Thursday, August 29, 2013

Defeat from the Jaws of Victory

The township of Southampton, New York, recently denied a request by the local Jewish community to put up an Eruv. For those of you who don't know, an Eruv is an enclosure, generally made through wire or string, which permits Orthodox Jews to do certain activities on Shabbat that would otherwise be forbidden to them (the fiction is that within the Eruv one has one cohesive "space", so carrying objects is characterized as carrying them within the Eruv, rather than between, say, two houses). I generally support accommodations such as these -- they cost little, and signal respect and accommodation toward minority communities. At the same time, American law is generally does not require such accommodations -- it is generally a legislative prerogative as to whether to grant or withhold the accommodation, and don't need to give much of a reason why. While the federal government and some states (I don't know if New York is one) have heightened protections for religious minorities, the baseline is basically that so long as the motive itself isn't unconstitutional (such as hostility towards a particular faith) and isn't wholly arbitrary or capricious, a decision to deny even a relatively minor accommodation such as this would stand.

So basically, Southampton is playing the game on easy. Just give a reason that isn't utterly ludicrous and doesn't openly flout the Constitution. You can do it right?
The zoning board had ruled that the eruv — PVC poles on 15 of Southampton Township’s telephone poles — would “alter the essential character of the neighborhood.”

In addition, the board took theological issue with the concept of the eruv itself, calling it a “loophole” that is “motivated by the personal desire … to be freed from the proscriptions of Jewish law,” the New York Post reported.
The "change the character of the neighborhood" argument ... I dunno. It might fly, given the deference that "arbitrary and capricious" implies. But the second argument about an eruv being a theological "loophole" is a huge mistake by the city that may doom their defense strategy.

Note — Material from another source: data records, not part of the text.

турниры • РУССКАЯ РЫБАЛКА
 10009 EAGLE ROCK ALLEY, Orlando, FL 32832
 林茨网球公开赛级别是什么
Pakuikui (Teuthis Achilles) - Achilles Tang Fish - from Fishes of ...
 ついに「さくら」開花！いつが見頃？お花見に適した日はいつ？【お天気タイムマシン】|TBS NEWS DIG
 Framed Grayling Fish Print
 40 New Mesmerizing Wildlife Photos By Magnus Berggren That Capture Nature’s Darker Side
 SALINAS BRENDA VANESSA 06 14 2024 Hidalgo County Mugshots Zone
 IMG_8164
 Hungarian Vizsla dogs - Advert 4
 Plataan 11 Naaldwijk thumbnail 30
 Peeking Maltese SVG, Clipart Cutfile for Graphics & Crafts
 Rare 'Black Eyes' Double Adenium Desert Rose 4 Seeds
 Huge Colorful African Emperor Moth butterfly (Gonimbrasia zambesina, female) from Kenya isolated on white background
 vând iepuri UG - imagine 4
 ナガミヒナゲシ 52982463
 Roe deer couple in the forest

It's not that their theology is wrong per se -- I've often joked that Orthodox Jews devote half their creative energies to coming up with ever-more restrictive religious proscriptions, and the other half to inventing increasingly creative ways to circumvent them. The problem, rather, is that they were doing theology at all. And that is a huge First Amendment no-no. Perhaps the clearest and most obvious Establishment Clause violation is the state taking it upon themselves to decide what tenets are valid aspects of a religious faith and which ones are "loopholes."

Without that statement, I'd guess Southampton would have had a fighting chance in court. With it -- good luck.


PG said...

Nothing wrong with the "essential character" part -- that's just reciting a standard part of the test for granting variances:

"that the requested use variance, if granted, will not alter the essential character of the neighborhood."

But I also see how the board ended up going off the rails into constitutionally-impermissible theological musings: another part of the test is "that the alleged hardship has not been self-created."

As you say, the board should have stuck with the first ground. It's the freaking Hamptons, so they can get away with a lot of ridiculousness under the heading of "preserving the essential character of the neighborhood."